WHAT YOU HAVE TO DO:
A faithful copy of the data is what is wanted, minus any pictures.

DATA SUPPLIED:
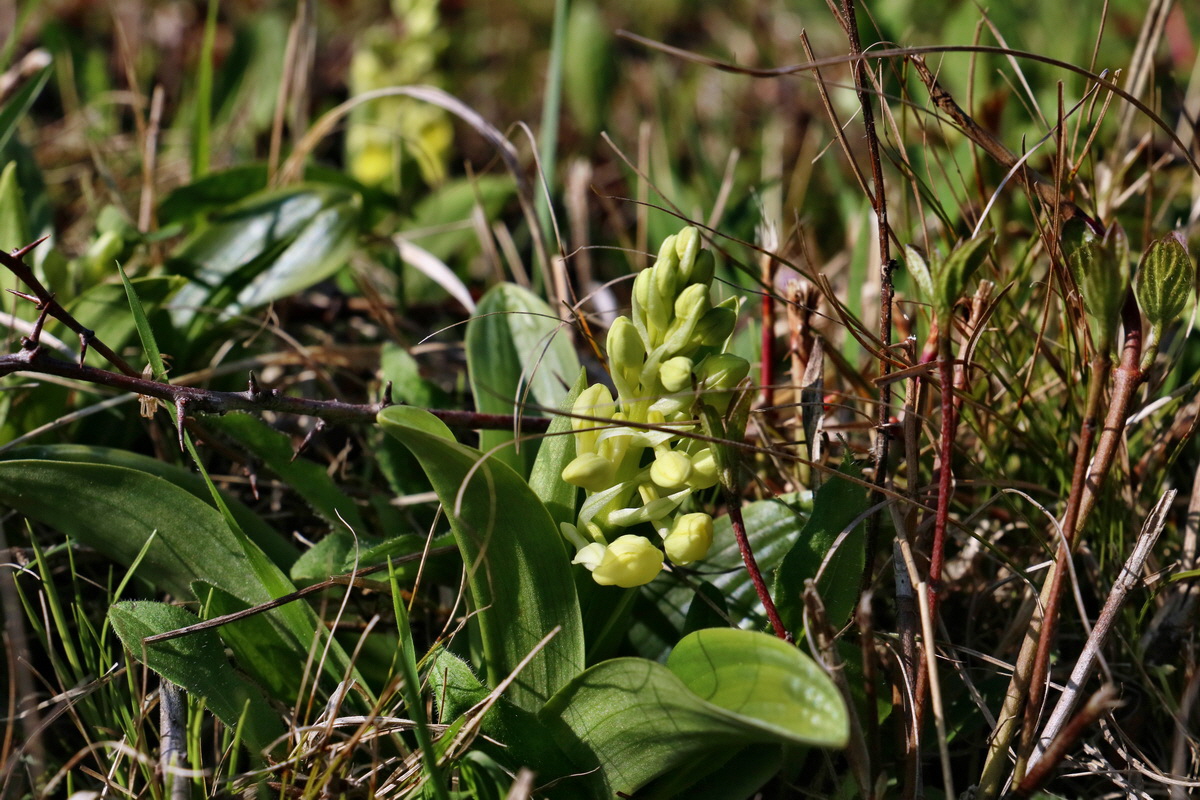 RNA-2017-04-09-00028012p_Bildgr��e �ndern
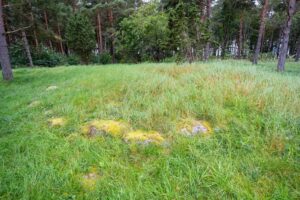 Gräsbevuxen glänta med mossklädda stenar från järnåldersgravar på gravfältet Skäljen, omgivet av tallskog i Vadstena kommun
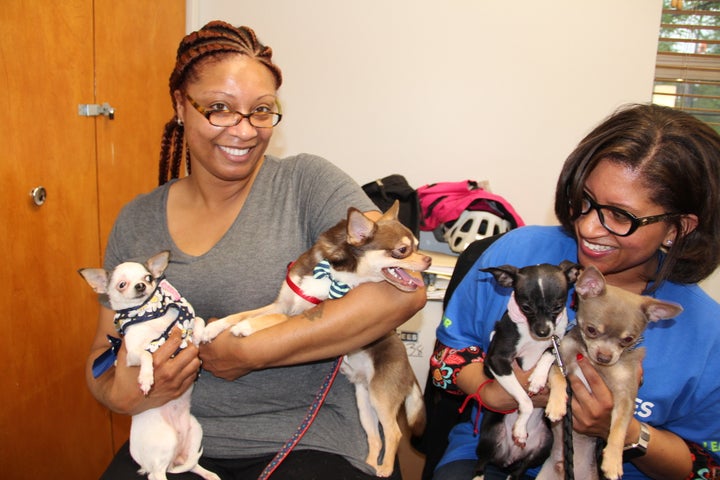 Cousins Stacey Jackson, left, and Sharon Hayes with Chihuahuas Bella, Snoopy, Chloe and Eleven at a nursing home on Chicago's North Side, where every week volunteers bring dogs to socialize with residents.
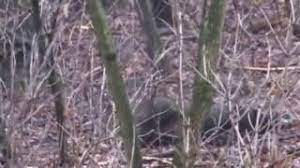 Sport, timp liber, arta » vanatoare. Vanatoare Mistreti Cele Mai Bune Faze Youtube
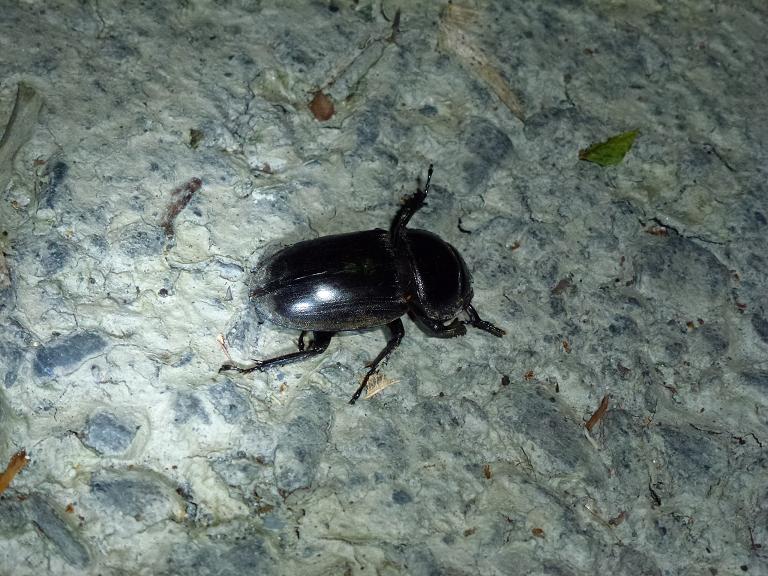 «ö¦¹¦b·sµøµ¡ÂsÄý¹Ï¤ù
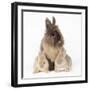 Lion Head Rabbit with Young-null-Framed Photographic Print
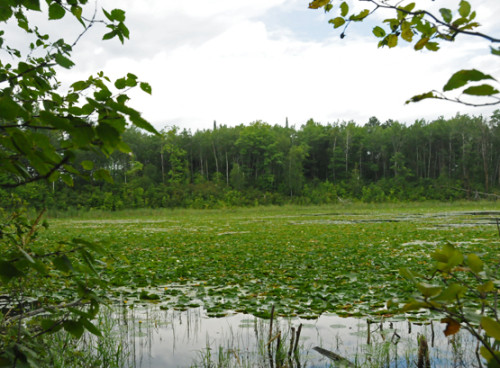 Minnesota Superior Forest Pond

EXPECTED ANSWER:
 RNA-2017-04-09-00028012p_Bildgr��e �ndern
 Gräsbevuxen glänta med mossklädda stenar från järnåldersgravar på gravfältet Skäljen, omgivet av tallskog i Vadstena kommun
 Cousins Stacey Jackson, left, and Sharon Hayes with Chihuahuas Bella, Snoopy, Chloe and Eleven at a nursing home on Chicago's North Side, where every week volunteers bring dogs to socialize with residents.
 Sport, timp liber, arta » vanatoare. Vanatoare Mistreti Cele Mai Bune Faze Youtube
 «ö¦¹¦b·sµøµ¡ÂsÄý¹Ï¤ù
 Lion Head Rabbit with Young-null-Framed Photographic Print
 Minnesota Superior Forest Pond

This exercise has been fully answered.